Po inwazji Rosji na Ukrainę bogaci Rosjanie bez przeszkód lokowali pieniądze w szwajcarskich bankach

Nawet po inwazji Kremla na Ukrainę rozpoczętej w lutym 2022 roku bogaci Rosjanie bez przeszkód zakładali depozyty w bankach w Szwajcarii; dowodzą tego m.in. działania podejmowane przez członków rodziny Aleksandra Ponomarienki, prezesa moskiewskiej spółki wodociągowej Moswodokanał - ujawniły agencja AFP i niezależny rosyjski portal Moscow Times.

W czerwcu 2022 roku, krótko po masakrach dokonanych przez najeźdźców w ukraińskim Mariupolu, córka Ponomarienki, otwarcie popierającego wojnę, otworzyła konto w szwajcarskim banku Reyl i zdeponowała tam kwotę o wartości około 9,5 mln dolarów. Z kolei partnerka szefa Moswodokanału ulokowała w Szwajcarii ponad 30 mln dolarów.
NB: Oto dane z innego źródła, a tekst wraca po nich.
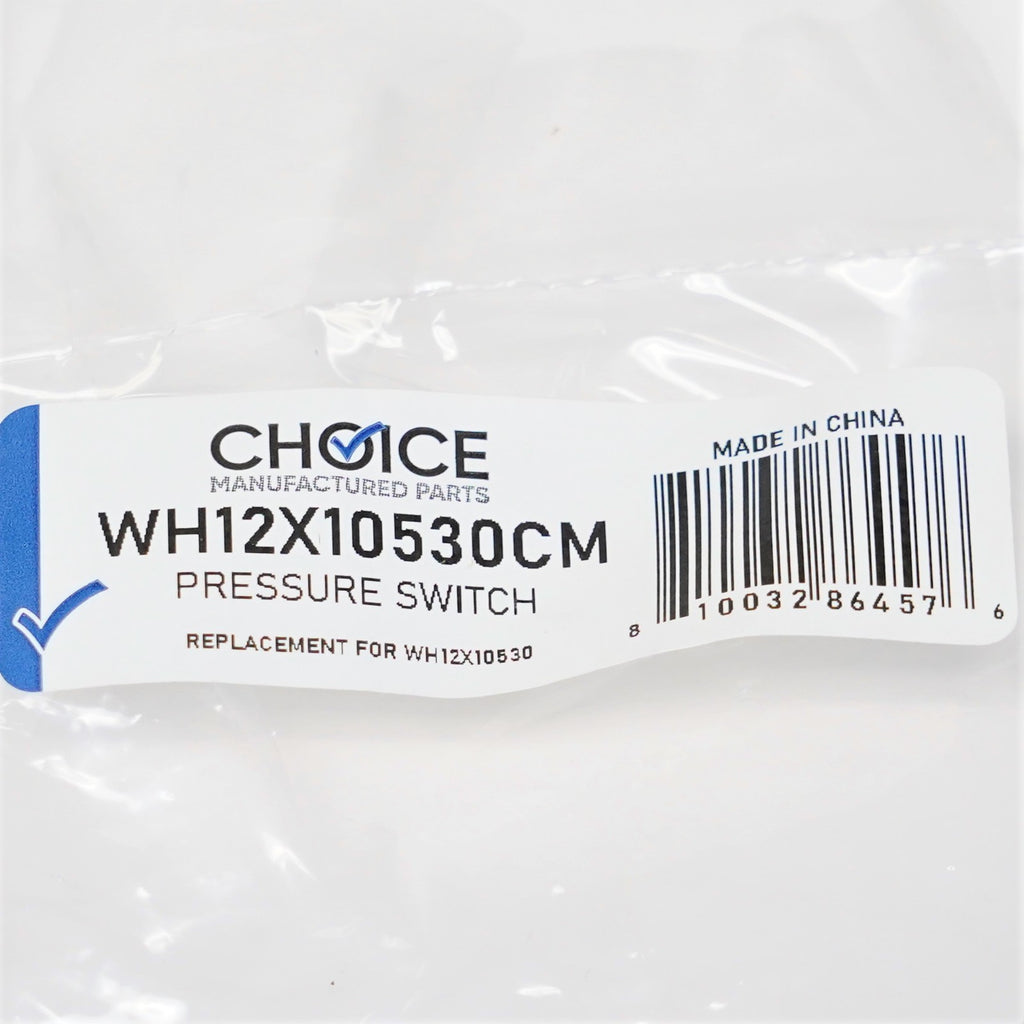 Choice Parts WH12X10530 for GE Washing Machine Pressure Water Level Switch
Obie kobiety posiadają obywatelstwo jednego z państw UE i zezwolenie na pobyt w tym kraju, co pozwala im ominąć wszelkie ograniczenia. Niemniej, w tej sytuacji banki powinny wykazać się większą czujnością - ocenił w czwartek Moscow Times.
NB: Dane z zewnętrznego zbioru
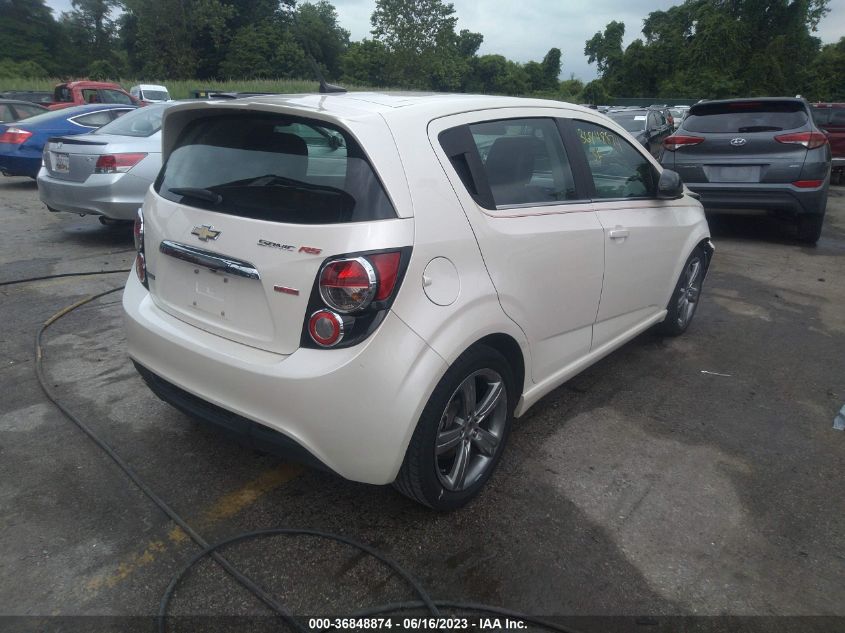 2014 CHEVROLET SONIC RS - 1G1JG6SB3E4112737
Częściowe odstąpienie od neutralności

Po agresji Rosji na Ukrainę rozpoczętej w lutym 2022 roku Szwajcaria postanowiła częściowo odstąpić od polityki neutralności i przyłączyła się do sankcji UE przeciwko Rosji i Białorusi.

W latach 2022-23 rząd w Bernie wprowadził w życie kilka unijnych pakietów sankcyjnych. Zamrożono m.in. rosyjskie aktywa warte 7,5 mld franków szwajcarskich, a także zabroniono eksportu towarów i powiązanych usług dla rosyjskiego sektora energetycznego. Zakazano też działalności w Szwajcarii koncernom energetycznym z Rosji oraz udzielania takim podmiotom pożyczek lub wsparcia finansowego w innej formie.

W ubiegłym roku szwajcarskie władze zabroniły bankom przyjmowania depozytów od obywateli Rosji bądź osób fizycznych i prawnych z siedzibą w tym kraju w wysokości przekraczającej 100 tys. franków, czyli ponad 480 tys. zł. Kilka banków, m.in. Julius Baer, ogłosiło, że całkowicie zerwą relacje ze swoimi rosyjskimi klientami.

Te ograniczenia można jednak łatwo obejść. Rząd w Bernie regularnie spotyka się z krytyką ze strony m.in. Stanów Zjednoczonych, zarzucających Szwajcarii zbyt bierną postawę w śledzeniu rosyjskich aktywów - zauważył Moscow Times.